3.7. Comsol Simulations
Shear stress simulations were conducted using Comsol MultiPhysics (version 3.5) on a PC system featuring an Intel Core i5-2400 (3.10 GHz) processor running Windows 7 with 64-bit precision. Course, physics-controlled mesh was verified to produce rapid results without sacrificing accuracy. A segment of the channel was created with dimensions 300 μm × 130 μm with channel length between the inlet and measurement point being chosen as 1 mm. Flow was directed along the axis connecting the inlet and outlet with the inlet velocity calculated based on the flow rate and the channel dimensions. The wall shear stress was measured along the long edge of the channel cross-section (300 μm) for each flow rate and a smoothing algorithm was used to remove small digitization effects related from the course mesh.
4. Conclusions
The role of biofilms as a microbial survival strategy is often recognized, such as the continued survival of EPS-encased microbes despite multiple antimicrobial challenges. This study demonstrates that in addition to the prevention of cell washout at high liquid shear rates, biofilms also fulfill a proliferation function with continuous cell release into the bulk-liquid, and that shear rates have relatively little impact on such biofilm-to-planktonic cell yield. Instead, biofilms utilize shear to maintain optimum thickness and metabolic activity, which differs from the traditional view that biofilms primarily consist of slow-growing cells.

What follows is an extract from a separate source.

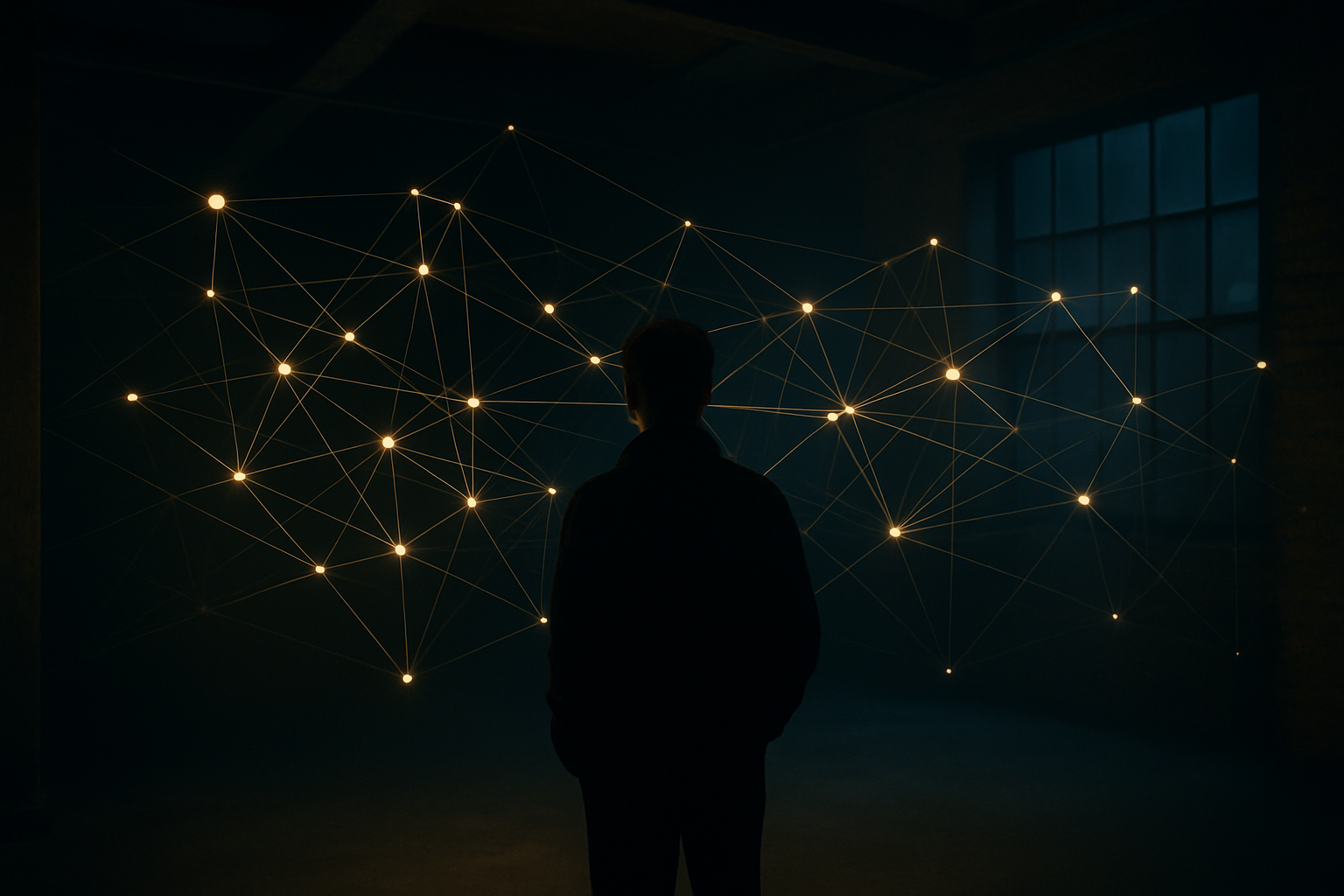 A lone figure in a dimly lit studio observes a three-dimensional network of glowing nodes and slender lines suspended in midair.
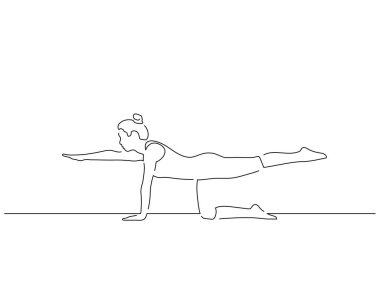 Yoga yapan bir kadın izole çizgi çiziyor, vektör çizimi yapıyor. Spor koleksiyonu.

As a complement to the conventional conceptual biofilm models, we propose the existence of a biofilm surface-associated zone of planktonic cell proliferation. The results suggest the existence of a zone at the biofilm-liquid interface with high metabolic activity where cells are neither irreversibly attached nor imbedded in the EPS matrix, and where shear rates are too low to cause erosion. Such a surface-associated zone with non-attached cells greatly extends biofilm function and probably consists mostly of cells that do not have a typical biofilm phenotype. This phenomenon emphasizes the need to develop improved techniques to better define the EPS boundaries within which cells are immobilized. It appears possible that the EPS in this region is highly responsive to the prevailing environmental conditions, with microbes having the ability to modify EPS rigidity in order to restrict cell movement and thereby maintaining biofilm biomass under conditions that do not support active metabolism and cell replication, or under conditions conducive to microbial activity to allow cells to move away in order to maintain optimum gradients of nutrients and metabolites.
The production and release of significant numbers of planktonic cells by biofilms has long been disregarded. However, results indicate that the traditional perception of biofilms as promoting microbial survival should be expanded to include the potential to contribute to microbial proliferation.